Pharma giant GSK plunges 9% after U.S. court allows scientific testimony in Zantac lawsuits


LONDON — Shares of British pharmaceuticals giant GSK plunged 9% Monday, after a U.S. court ruled that scientific evidence could be presented as a stack of lawsuits relating to the discontinued heartburn drug Zantac move forward.

The Delaware State Court late on Friday ruled that plaintiffs’ expert witnesses could testify in the roughly 75,000 cases alleging the once-popular drug ranitidine — sold under the brand name Zantac in the U.S. — may cause cancer.

“This case has always been about getting the science in front of a jury,” Brent Wisner, lawyer at the firm Wisner Baum which is representing many of the plaintiffs, said in a statement.

The dispute has been rumbling for years and involves numerous pharmaceutical firms. Zantac was sold by GSK as a prescription drug in the 1980s before transitioning to an over-the-counter medicine, and following its patent expiry in the 1990s has been sold by companies including France’s Sanofi, U.S. firm Pfizer and Germany’s Boehringer Ingelheim.

The drug was withdrawn from European and U.S. markets in 2019 and 2020 after regulators conducted a safety review which raised concerns it contained a probable carcinogen called NDMA.

The companies involved deny there is a scientific consensus that the drug can be linked to any later development of cancers.

In a statement Friday, GSK said it disagreed with the latest Delaware ruling and would immediately seek an appeal.

It said the decision contradicted the federal court’s multi-district litigation ruling in December 2022, which dismissed all cases alleging five cancer types.

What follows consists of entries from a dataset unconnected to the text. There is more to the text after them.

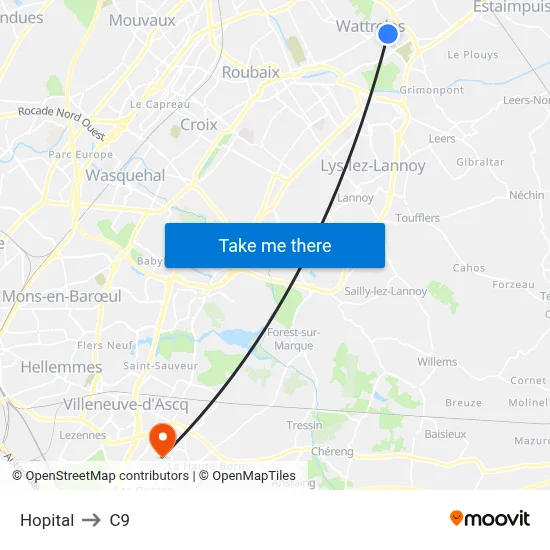 Hopital to C9 map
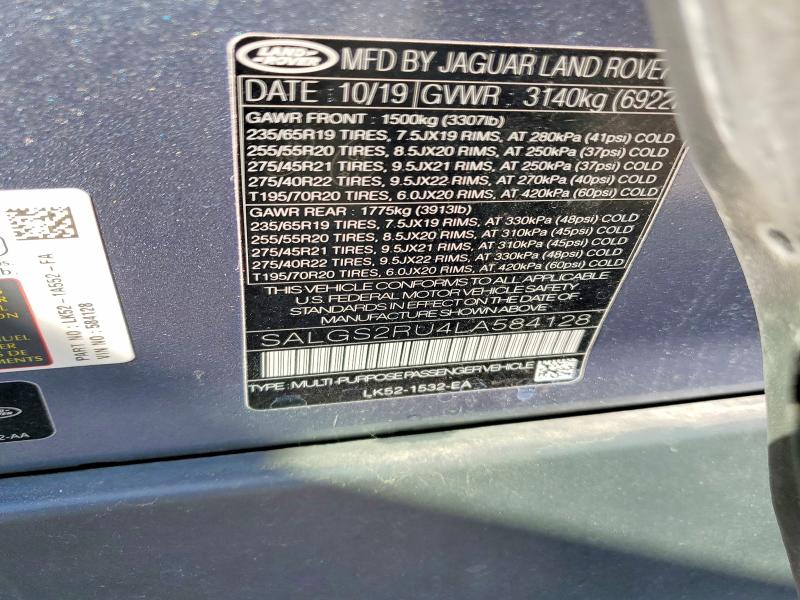 Aukcja sprzedaży 2020 Land Rover Range Rover, vin: SALGS2RU4LA584128, numer aukcji: 48386466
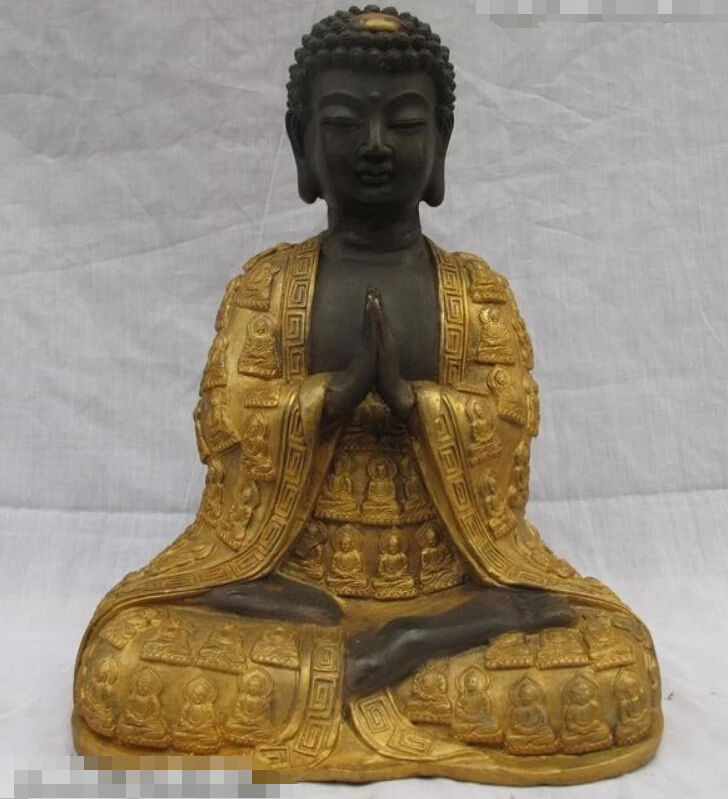 

Tibetan Buddhism Temple Bronze Gilt Tathagata Shakyamuni Buddha statue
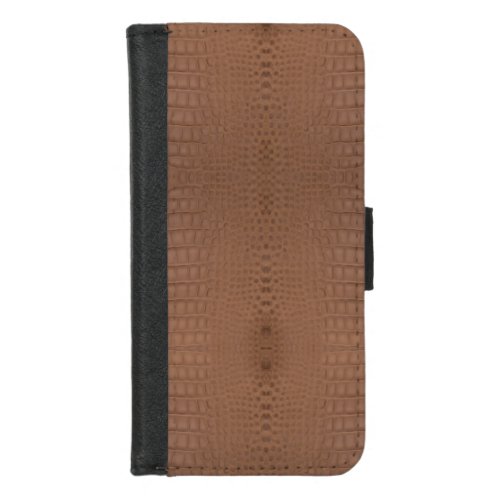 Tan Alligator Print iPhone 87 Wallet Case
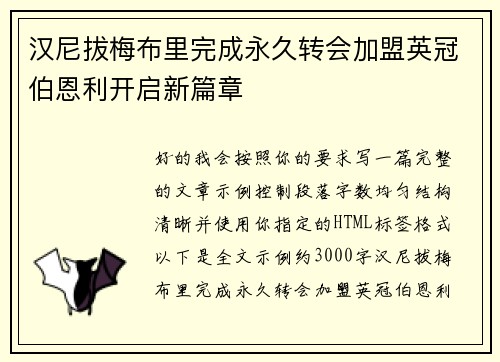 汉尼拔梅布里完成永久转会加盟英冠伯恩利开启新篇章 汉尼拔梅布里完成永久转会加盟英冠伯恩利开启新篇章
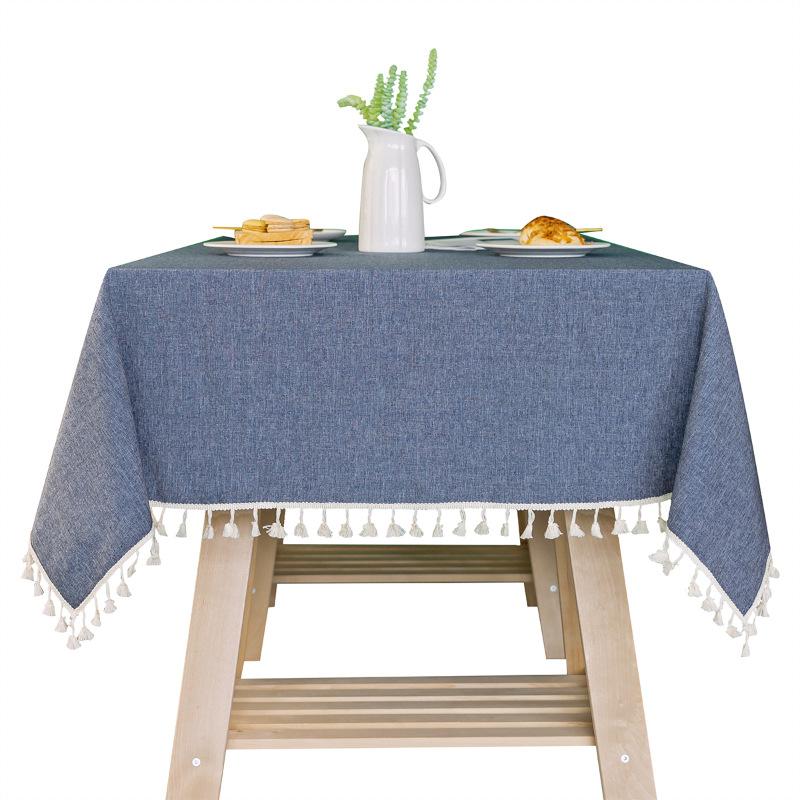 Tablecloth Nordic Ins Style Home Dining Cloth Fringed Solid Color Fabric Cotton And Linen Cover Cloth Hotel Home Restaurant Tablecloth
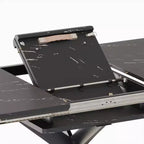 Tavolo da pranzo moderno allungabile con base in metallo nero, tavolo rettangolare da cucina per sala da pranzo o zona colazione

It added that the court decision only related to whether the methodology used by the plaintiffs’ experts was sufficiently reliable to be presented as evidence at trial.

“Following the 16 epidemiological studies looking at human data regarding the use of ranitidine, the scientific consensus is that there is no consistent or reliable evidence that ranitidine increases the risk of any cancer,” GSK said.

While the majority are in Delaware, a smaller numbers of cases against various firms are being heard in California, Illinois and Pennsylvania.

Analysts at Jefferies had in late May flagged a possible tailwind for GSK after an Illinois jury found GSK and Boehringer Ingelheim were not liable for colorectal cancer in the first Zantac case to reach trial.

GSK, the company most exposed to the cases, could face settlement costs from $1 billion to more than $3 billion, according to a range of analyst notes cited by Reuters.

Sanofi, which is named in roughly 25,000 of the 75,000 cases, said in its own statement Friday it was disappointed with the decision not to exclude the plaintiffs’ experts from the cases and that it would also appeal. Sanofi shares were 1% lower on Monday.

Pfizer told CNBC Monday it was implicated in a “fraction” of the Delaware cases and had resolved a “substantial number” of cases in which it was named as a defendant.

“While we have great sympathy for plaintiffs in these cases, there is no reliable scientific evidence that Zantac, which was reviewed and approved by FDA, causes cancer. Pfizer has not sold a Zantac product in more than 15 years and did so only for a limited period of time, nor has Pfizer ever manufactured a Zantac product,” the company said in a statement.

The Financial Times last month reported that Pfizer agreed to pay between $200 million and $250 million to settle more than 10,000 Zantac lawsuits. CNBC has not independently confirmed the amount.

CNBC has contacted Boehringer Ingelheim for comment.